Que peuvent bien raconter deux rondelles de 45 grammes de viande hachée, de cheddar et de « sauce spéciale » sur l’évolution des prix à l’échelle mondiale ? Selon le magazine The Economist, les écarts de prix du burger montrent comment l’inflation a modifié la quantité de biens et de services que les monnaies peuvent acheter. Les dernières mesures publiées fin août 2023 indiquent d’importantes disparités à l’échelle mondiale.
Une détérioration du pouvoir d’achat à géométrie variable
Bien qu’il ne soit pas destiné à être une mesure précise du flottement des monnaies, l’indice Big Mac (créé en 1986) est aujourd’hui largement reconnu, y compris dans les travaux académiques. Le raisonnement sous-jacent est simple, la « burgernomie » — c’est-à-dire la quantité de ressources et le temps de travail nécessaire à la confection du Big Mac de McDonald’s — étant la même à travers le monde, si le prix du Big Mac augmente dans un pays, la monnaie de ce pays ne permet plus d’en acheter autant, sa valeur réelle a donc baissé ; et inversement. En juillet 2023, le prix du Big Mac est passé à 5,58 dollars US aux États-Unis, soit une augmentation de plus de 4 % depuis janvier (8,3 % sur un an). Il s’agit du taux de « McFlation » le plus élevé enregistré dans l’indice depuis 2012, ce qui suggère la persistance de l’inflation dans le pays, à tout le moins sur les produits alimentaires.
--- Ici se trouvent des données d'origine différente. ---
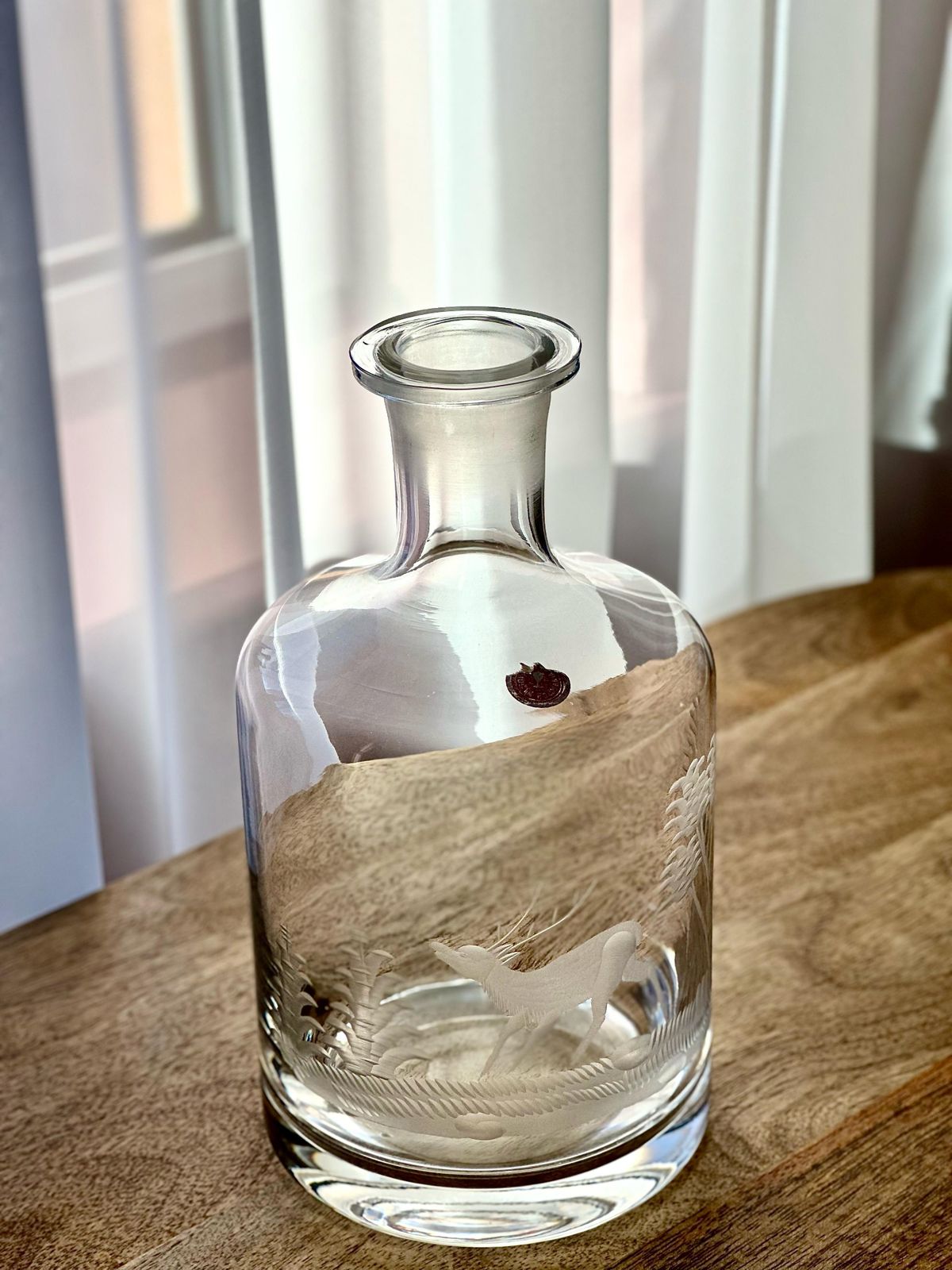 photo furniture Romanian Engraved Glass Decanter – Stag & Forest Scene, 27cm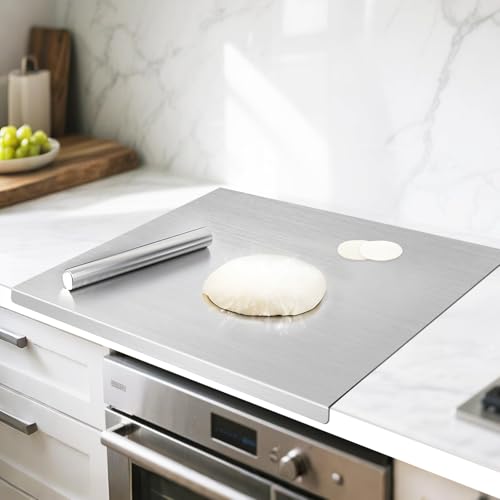 Image of Stainless Steel Chopping Board with Lip | Heavy Duty Cutting Board for Vegetables, Meat, Fish & Fruits | Non-Slip, Rust-Proof, Hygienic | Durable, Easy to Clean | Includes Rolling Pin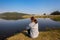 Girl Sitting River Water Lagoon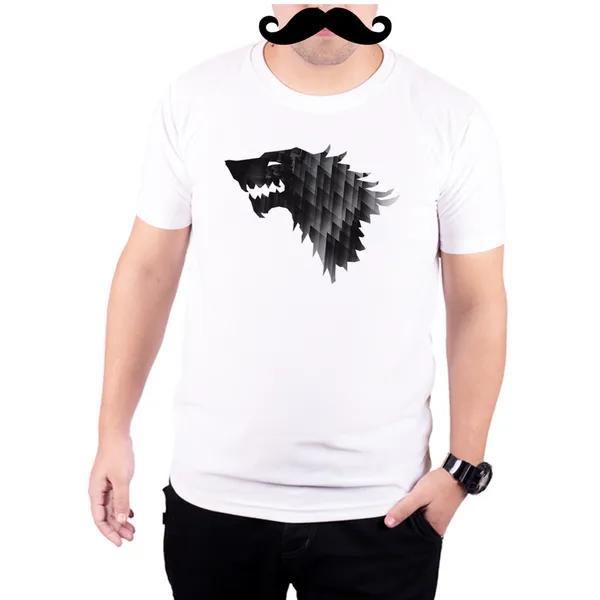 White_Game_Of_Thrones_House_Stark_Geometric_Logo__Quick-Dri_T-Shirt_For_Men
Par rapport au reste du monde, cependant, les Américains s’en sont tirés à bon compte. De janvier à juillet, le prix d’un Big Mac a augmenté plus de deux fois plus vite dans la zone euro et en Grande-Bretagne, et près de quatre fois plus vite au Canada. Qu’est-ce que cela signifie ? En clair, que le pouvoir d’achat de ces monnaies baisse plus vite que celui du dollar US. Si l’on admet que cette mesure puisse être le reflet d’une tendance macroéconomique de plus grande envergure, cet écart entre la monnaie de référence et les autres pourrait avoir plusieurs conséquences.
Une inflation durable ?
À défaut de restaurer la compétitivité de leur monnaie — par des hausses de taux directeurs, par exemple — certains pays devront payer plus cher leurs importations. C’est par exemple le cas du Japon dont la monnaie a perdu 13 % de sa valeur depuis le début de l’année. Le passage du yen en dessous du seuil psychologique de 150 yens par dollar US, jusqu’ici considéré comme indépassable par la Banque du Japon, expose l’économie nippone — qui importe 90 % de son énergie et la majeure partie de ses denrées alimentaires — à de fortes hausses de coûts dans les prochains mois. Et la sortie de la spirale inflationniste sera obérée par l’endettement abyssal de Tokyo : 266 % de son produit intérieur brut début 2023. Le problème est que ce surendettement, comparable à celui de nombreux pays dans le monde, est de nature à limiter les marges de manœuvre de la banque centrale qui ne peut apporter que des corrections marginales — et / ou temporaires — sous peine de créer une crise de la dette.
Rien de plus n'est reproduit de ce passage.